Just as the white SUVs are flooding our streets, “Big Data” seems to be the hot topic. While at first, it doesn’t seem hard to understand, in this article I will try to analyze the meaning of Big Data for a Trader.
Generally, “Big Data” is defined as the process of capturing, storing, processing, and transforming data into information or decisions, when they meet one of the three “V”; they cover large volumes, require Speed, and involve a variety of types and/or sources.
I prefer to define Big Data as the generalization of the use of a very powerful set of statistical and computational tools that gives us independence in analysis. In addition to the knowledge in my area of action, which allows me to construct hypotheses that I want to try, with “Big Data” I also have the tools to not get stuck with ideas in my head.

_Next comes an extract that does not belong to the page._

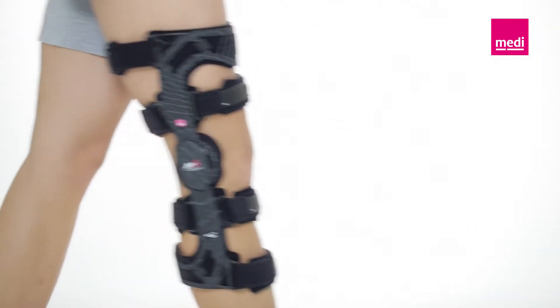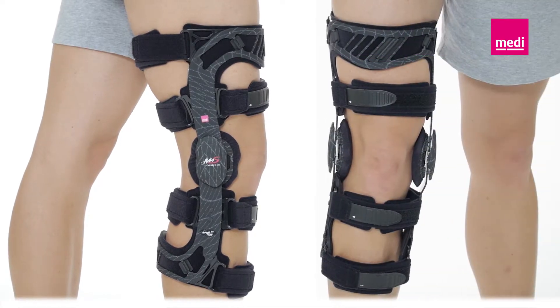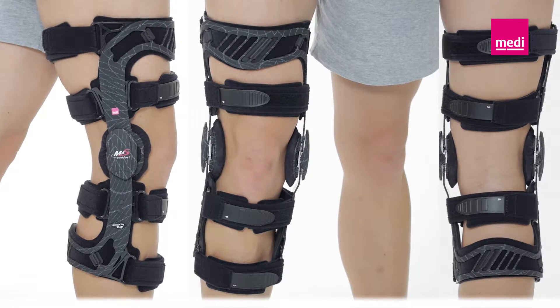The M4S Comfort is mainly used for ligamentous injuries in the knee joint. The knee brace ensures the necessary stability after surgery and during conservative treatment, especially in association with cruciate ligament ruptures.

According to the Deutsche Börse Group:
“Technological innovations have contributed significantly to greater efficiency in the derivatives market. Through innovations in trade technology, negotiations in the German Eurex are now running much faster than a decade ago and knowing the sharp increase in the volume of operations and the number of quotes. These major improvements have only been possible due to continued investments in IT by derivatives markets and clearinghouses.”

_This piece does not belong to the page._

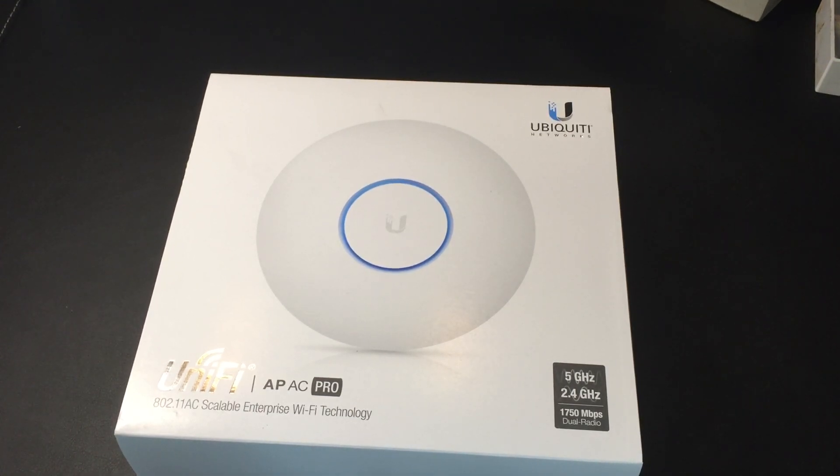Hi there, my name's Tom Morgan and this is the Ubiquiti UniFi AP AC Pro, the access point. This is not a review of the unit but it is an unboxing and just a description of what's in the box, because I couldn't find anything like that available before I ordered it, and I'm the kind of person that likes to see all this stuff ahead of time. So anyway, this is the box.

The acceleration of the trading process has also reached the side of Traders. Michael Lewis, author of the book “Moneyball” (which has become known for the movie of the same name starring Brad Pitt) has written a non-fiction book, “Flash Boys”, where he describes the story of how “kids” begin to be able to trade at the fastest possible speed, not to mention near the speed of light. These guys, investing little money and using technology and big data concepts, go to war with the High-Frequency Trading (HFT) companies and the big American banks. I’m looking forward to the movie!

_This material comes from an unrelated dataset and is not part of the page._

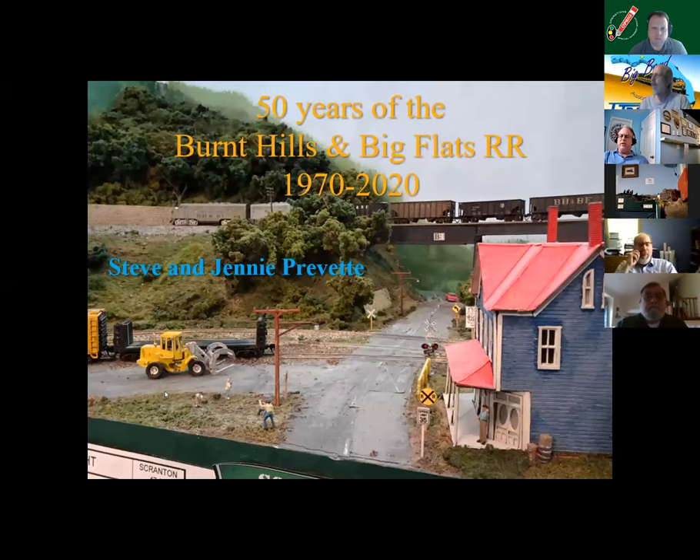I'm Steve Prevett. This is the Burnt Hills and Big Flats Railroad, of which you see the 1x6 staging board to my left. I do hope to show you a few things on a PowerPoint. Those of us engineers can't do anything without a PowerPoint. The Burnt Hills and Big Flats Railroad name has existed for 50 years.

A major HFT-related event took place on May 6, 2010, at the Nasdaq Stock Exchange in New York, in what would become known as the 2010 Flash Crash. At 14:32, New York time, there was an extraordinary drop and rebound in the S&P 500 index. Algorithmic trading programs were chained, first in sales orders by their criteria of stop losses and then they were chained back in purchase orders – something never seen in history – it is estimated that the price variation between minimum and maximum for as little as 36 minutes was a historical record of trillions of American dollars.
I’ve heard all about Big Data, some accurate statements, and some wrong ones. But many have ceased to be true with the evolution of technologies and the very concept of Big Data. The main known barriers to the implementation of Big Data have always been the existing infrastructures in the company, the costs, the time of implementation, and the need for knowledge. With the exception of the first, the other barriers are falling with the new technologies of Big Data.
Big Data is very expensive – False – generated by the large supply of tools and by the adoption of free open source technologies, prices, previously in the sky, have dropped to levels very accessible to all sizes of companies.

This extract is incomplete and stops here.